Data for processing Start Marker
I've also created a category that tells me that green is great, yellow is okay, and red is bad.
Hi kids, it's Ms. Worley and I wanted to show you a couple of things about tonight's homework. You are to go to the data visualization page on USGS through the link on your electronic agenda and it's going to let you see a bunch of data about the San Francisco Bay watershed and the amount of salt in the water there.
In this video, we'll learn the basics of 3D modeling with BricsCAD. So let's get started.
Data for processing End Marker
Data for processing Start Marker
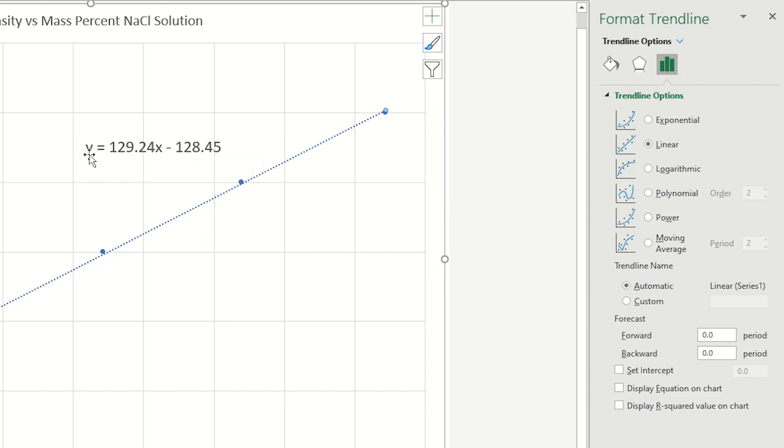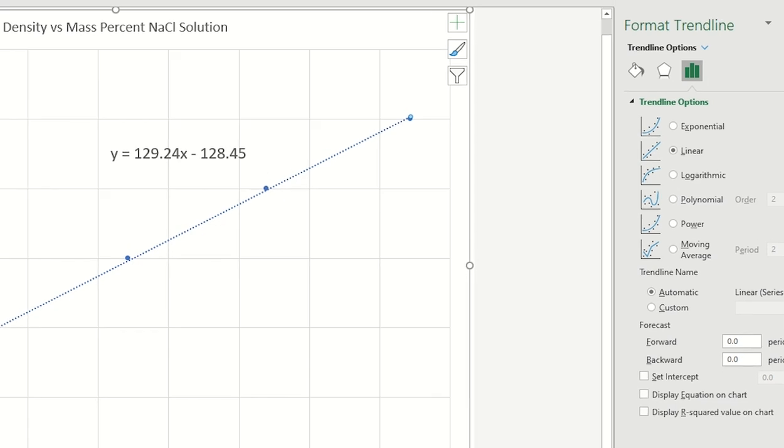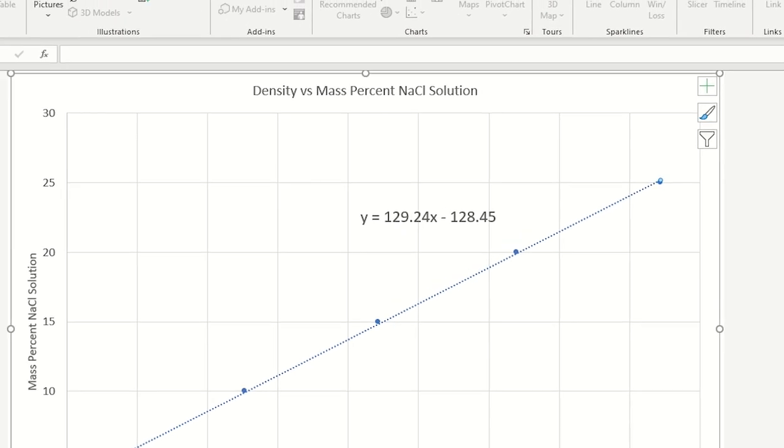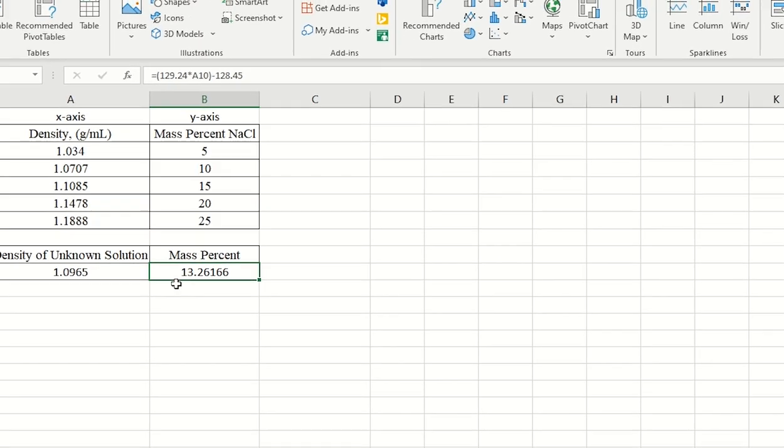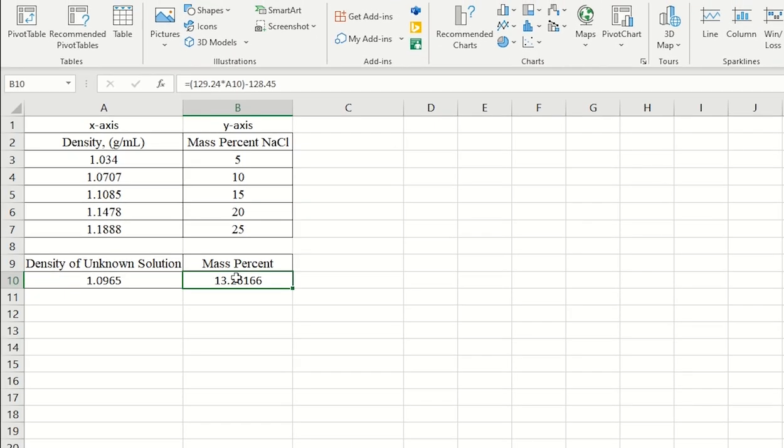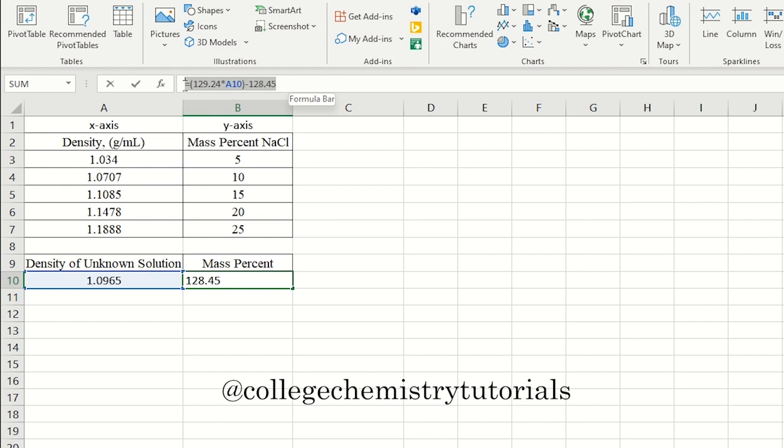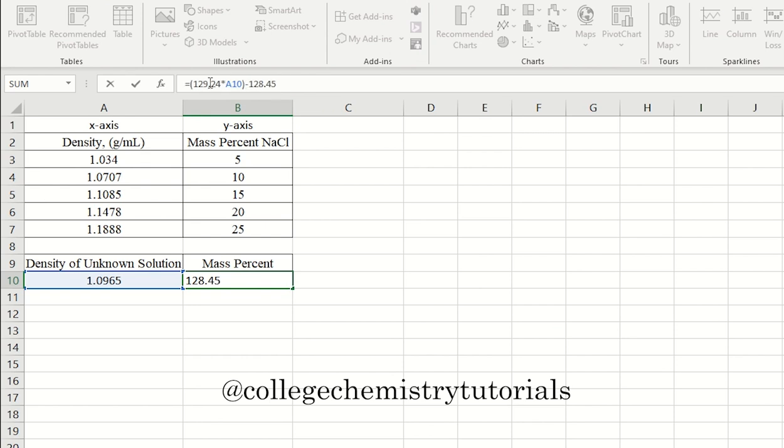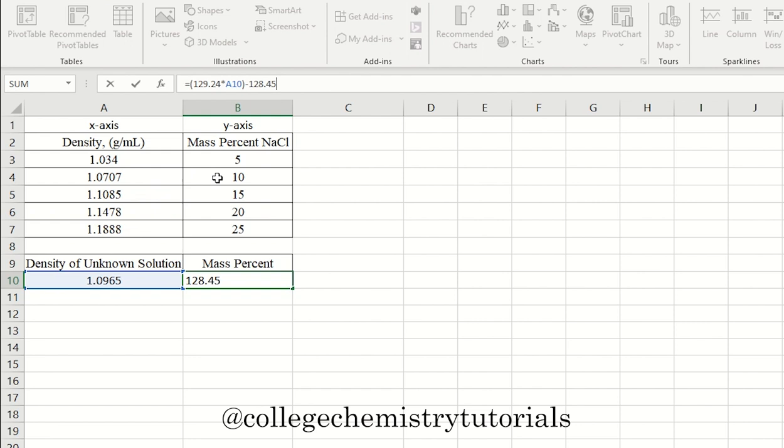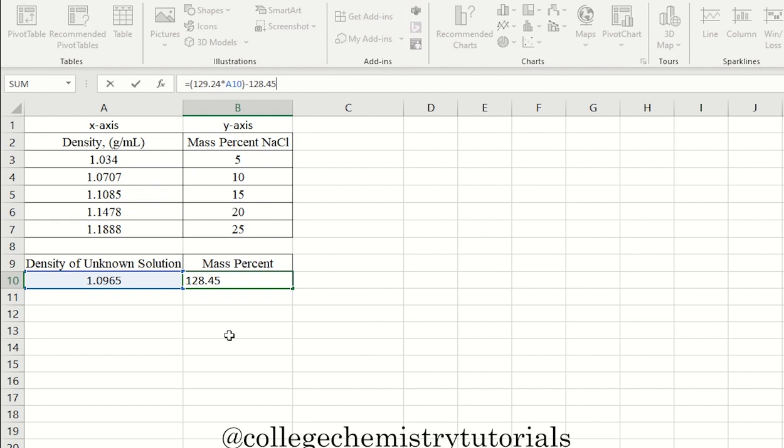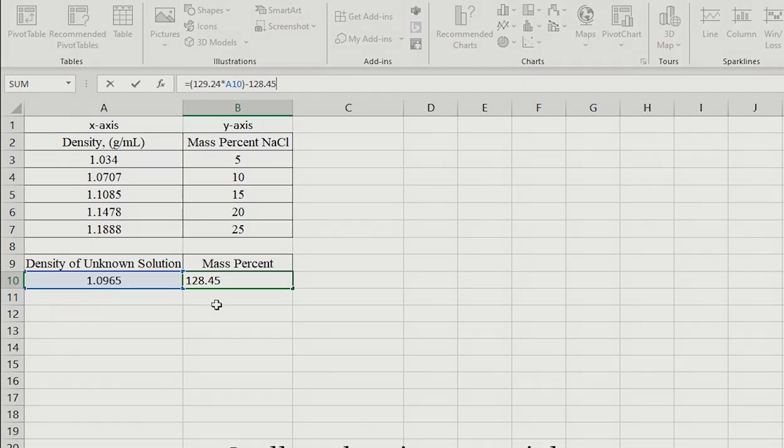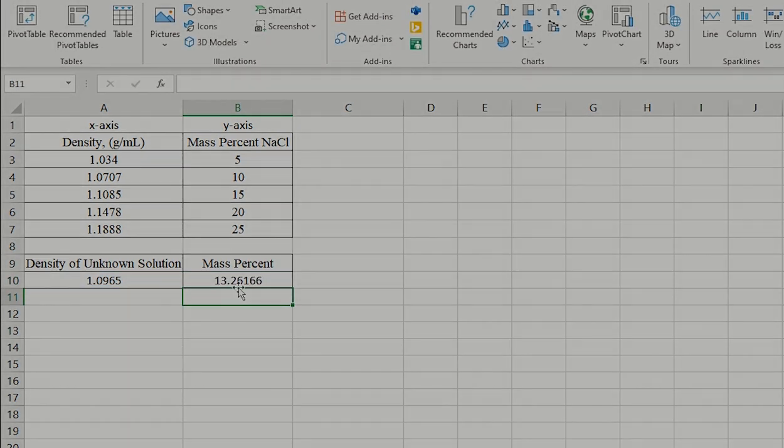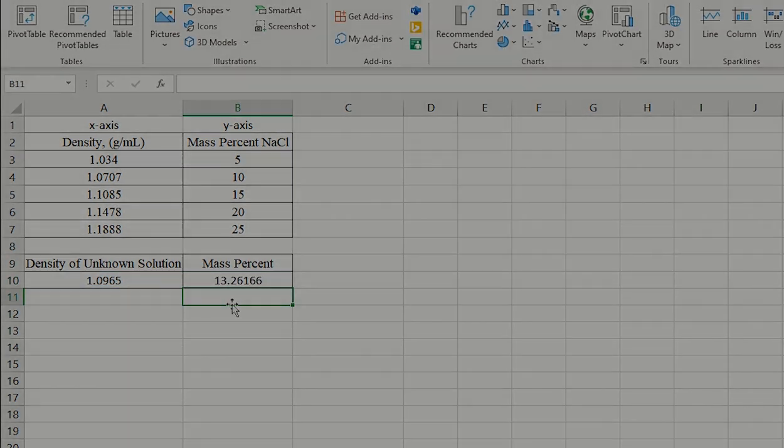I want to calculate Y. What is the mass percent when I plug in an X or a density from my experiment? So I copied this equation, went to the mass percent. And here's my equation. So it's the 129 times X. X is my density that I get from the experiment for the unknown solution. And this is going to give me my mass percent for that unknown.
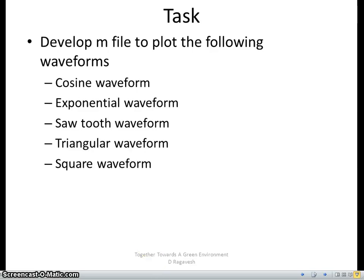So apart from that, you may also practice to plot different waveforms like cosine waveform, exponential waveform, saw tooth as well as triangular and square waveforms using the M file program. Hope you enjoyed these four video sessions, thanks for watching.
Data for processing End Marker
_Instructions to follow_
After locating the line with "Hi kids, it's" in the material above, return it and each line after it exactly, ending at the line with "In this video, we'll".

_Written response_
Hi kids, it's Ms. Worley and I wanted to show you a couple of things about tonight's homework. You are to go to the data visualization page on USGS through the link on your electronic agenda and it's going to let you see a bunch of data about the San Francisco Bay watershed and the amount of salt in the water there.
In this video, we'll learn the basics of 3D modeling with BricsCAD. So let's get started.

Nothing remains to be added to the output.